Suppose you have static library A, and dynamic shared object library B and your program C under linux. Suppose that library A calls functions from library B and your program calls functions from library A. Now suppose that all functions that C calls in A make no use of functions in B.

To compile C will it be enough to link just A and omit B and furthermore can your program C be run on a system without library B installed?

+4  A: 

If your program calls functions in A that don't reference B then B is not required either at link or load time, assuming that the functions in A are in separate compilation units, which is usually the case for a library.

The linker will pull the functions from the library that C uses and since none of them call functions in B, B will not be needed.

Richard Pennington
ahhh thanks! So the linker is smarter than I initially thought.
ldog
+2  A: 

Holy placeholder name overload, batman. Let's first replace A, B, and C, with libstatic, libshared, and myapp to make things a little more legible:

Suppose you have static library libstatic, and dynamic shared object library libshared and your program myapp under linux. Suppose that library libstatic calls functions from library libshared and your program (myapp) calls functions from library libstatic. Now suppose that all functions that myapp calls in libstatic make no use of functions in libshared.

To compile myapp will it be enough to link just libstatic and omit libshared and furthermore can your program myapp be run on a system without library libshared installed?

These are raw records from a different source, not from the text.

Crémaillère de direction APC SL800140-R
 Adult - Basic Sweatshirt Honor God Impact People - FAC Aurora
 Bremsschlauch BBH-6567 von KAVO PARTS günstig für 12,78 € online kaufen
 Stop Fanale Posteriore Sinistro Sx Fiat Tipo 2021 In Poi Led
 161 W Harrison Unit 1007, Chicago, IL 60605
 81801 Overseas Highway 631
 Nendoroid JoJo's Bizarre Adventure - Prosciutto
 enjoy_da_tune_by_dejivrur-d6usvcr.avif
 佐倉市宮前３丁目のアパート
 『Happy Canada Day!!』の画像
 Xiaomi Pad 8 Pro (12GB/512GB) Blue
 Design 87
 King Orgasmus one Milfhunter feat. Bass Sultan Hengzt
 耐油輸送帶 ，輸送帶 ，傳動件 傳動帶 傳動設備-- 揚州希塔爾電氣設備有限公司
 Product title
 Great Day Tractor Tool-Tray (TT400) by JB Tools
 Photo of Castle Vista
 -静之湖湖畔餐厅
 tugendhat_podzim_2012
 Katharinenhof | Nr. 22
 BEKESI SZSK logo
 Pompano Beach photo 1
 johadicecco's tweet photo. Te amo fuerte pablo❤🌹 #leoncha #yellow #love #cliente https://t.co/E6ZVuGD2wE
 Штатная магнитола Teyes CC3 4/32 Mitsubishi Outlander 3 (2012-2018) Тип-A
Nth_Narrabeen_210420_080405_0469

So the way I understand your question, there is a library libstatic, some functions in which make use of libshared. You want to know: if I don't use any of the libstatic functions that are dependent on libshared, will myapp link and run without libshared?

The answer is yes, so long as two things are true:

  1. The calls you make into libstatic do not depend on libshared directly or indirectly. Meaning that if myapp calls a function in libstatic which calls another function in libstatic which calls a function in libshared, then myapp is now dependent on libshared.

  2. The calls you make into libstatic do not depend on any function in libstatic whose implementation appears in the same compilation unit (object file) with a call to libshared. The linker brings in code from the static library at the level of object files, not at the level of individual functions. And remember, this dependency is similarly chained, so if you call a function in foo.o, and something else in foo.o calls a function in bar.o, and something in bar.o depends on libshared, you're toast.

When you link in a static library into an application, only the object files that contain the symbols used (directly or indirectly) are linked. So if it turns out that none of the object files that myapp ends up needing from libstatic depend on libshared, then myapp doesn't depend on libshared.